Good questions equal good advice

By Harold Geller | November 9, 2009 | Last updated on November 9, 2009
3 min read

It should go without saying that financial advisors have a duty to know their clients. This means that they must inquire about their clients’ financial circumstances. How can a financial advisor go about this process without being intimidating and yet still manage to get the information they need to provide good advice? The answer may be as simple as asking the right questions to begin with.

Some truths are self-evident

Financial advisors often complain that had they possessed a specific piece of information they would have given different advice. Clients often complain they had no idea the financial advisor needed the missing piece of information. Whose fault is this failure to communicate?

Laying blame

If we start with the belief that the financial advisor is a professional trained in the technique of gleaning information from clients and that the client must always provide appropriate information as requested, the fault for a missing piece of information should be laid at the feet of the financial advisor. What kind of questions then are likely to solicit accurate and complete information from the client?

Just answer the question

Closed questions to which the answer is simply “yes” or “no” are generally not good practice as they assume too much and glean answers that are not very revealing. By asking open-ended questions, an advisor can elicit far more information and therefore serve their client better.
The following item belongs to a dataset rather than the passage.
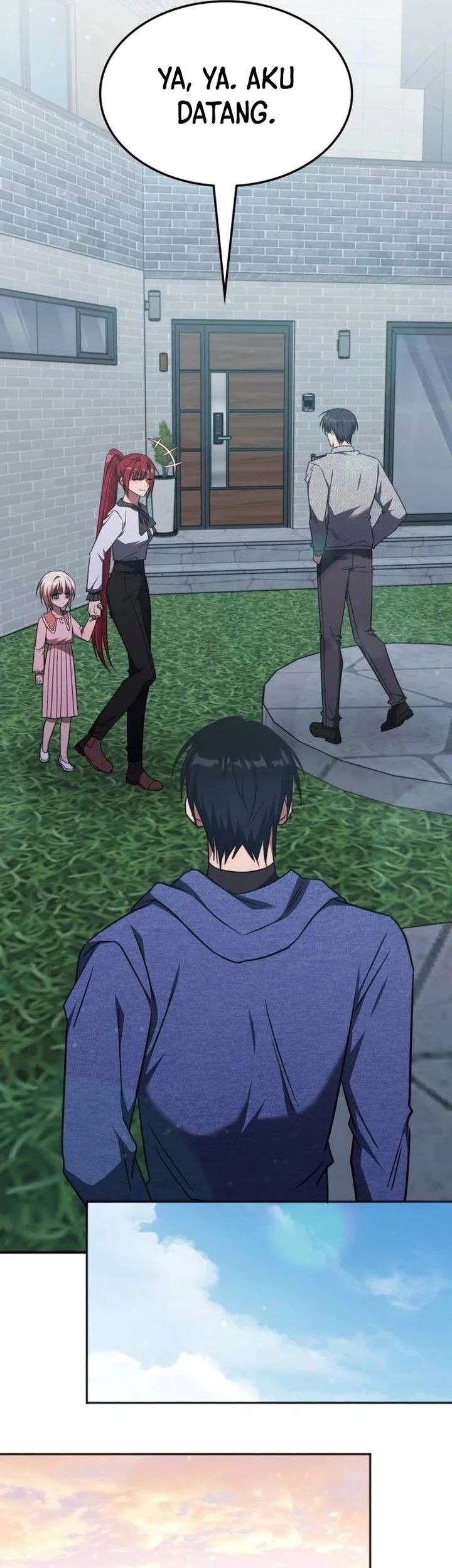 The Veteran Healer Is Overpowered Chapter 41 Gambar 38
That nasty word “risk” again

“Risk” is a word well understood in the English language but not well understood in the lexicon of the financial world. No universally accepted definition of risk exists in the industry and a review of the various “Know Your Client” forms used by financial advisors highlight the broad differences among the applications. What does a client tell a financial advisor in response to the question…Would you categorize your risk tolerance is being high, medium, or low? The client may not understand what “risk tolerance” means, and may not understand the difference among the three choices. Being Canadian, the odds are that clients will select “medium”. As a nation, we hate to be anything other than “average” and financial advisors must account for this cultural inclination.
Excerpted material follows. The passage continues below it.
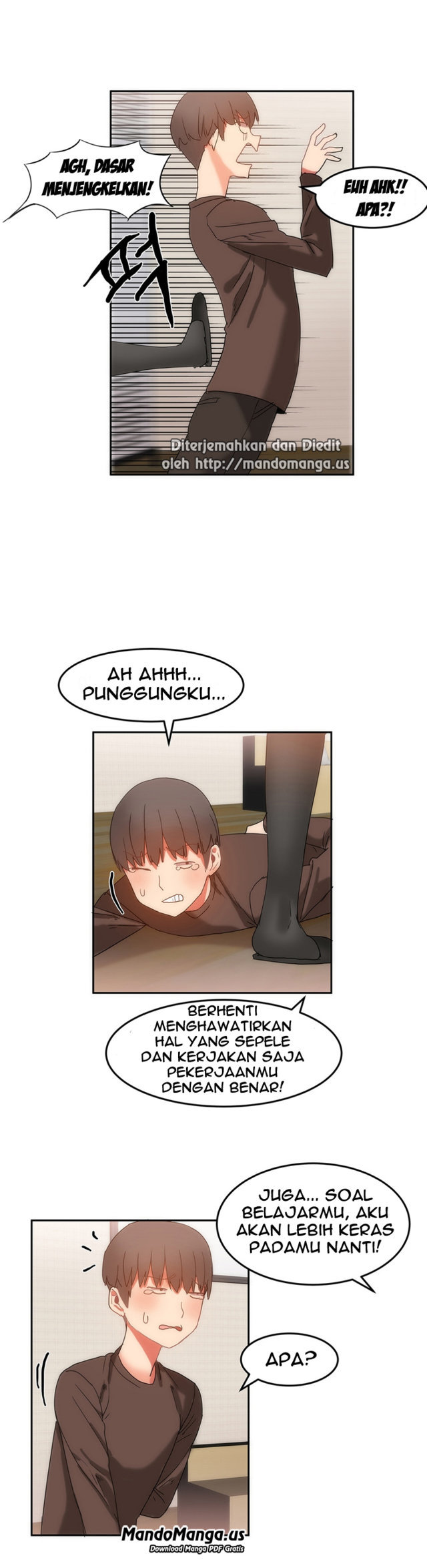 Hahri’s Lumpy Boardhouse - Chapter 15 13 Hahri’s Lumpy Boardhouse - Chapter 15 13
What about investment objectives?

Financial advisers should take the time to prepare their questions in a manner intended to obtain useful facts and not simply to fill out a form. A question like…What are your goals? will draw out information about retirement, gifting, major purchases, children, spouses, travel, education and possibly other major expenditures. Are your objectives capital appreciation, income, preservation of capital or speculation? will elicit a dramatically different response that in the end may be entirely meaningless.

Gauging sophistication

Does it make sense for a financial advisor to ask the client…How sophisticated are you? If the client understands the question, the client must respond…In relation to what or whom? The financial advisor should ask not only what securities the client has purchased or sold in the past but also determine the investment experience of the client. The relationship between the client and former advisors may have been limited to the client buying whatever the advisor suggested, with the client not learning anything in the process. Only a proper and open-ended question can determine the sophistication level of a client and only the financial advisor has the experience and training to judge this.

Conclusion

Any computer can identify that a person with $10 million in assets and no debt can risk a 10% loss whereas someone with $100,000 in assets and who is also debt-free may not be able to sustain any loss. Only a professional financial advisor has the education, experience and knowledge to probe meaningfully into the circumstances and sophistication of the client to determine their risk profile and ultimately suggest appropriate investments. This process requires careful, open-ended questions to procure an accurate profile. At the same time, the advisor must always remember to educate the client by communicating sufficient information to so that an informed decision can be made. The ability to help clients have a role in their own financial planning is the ‘value add’ that a professional advisor brings to the table and the ability to ask good questions is invaluable in this process.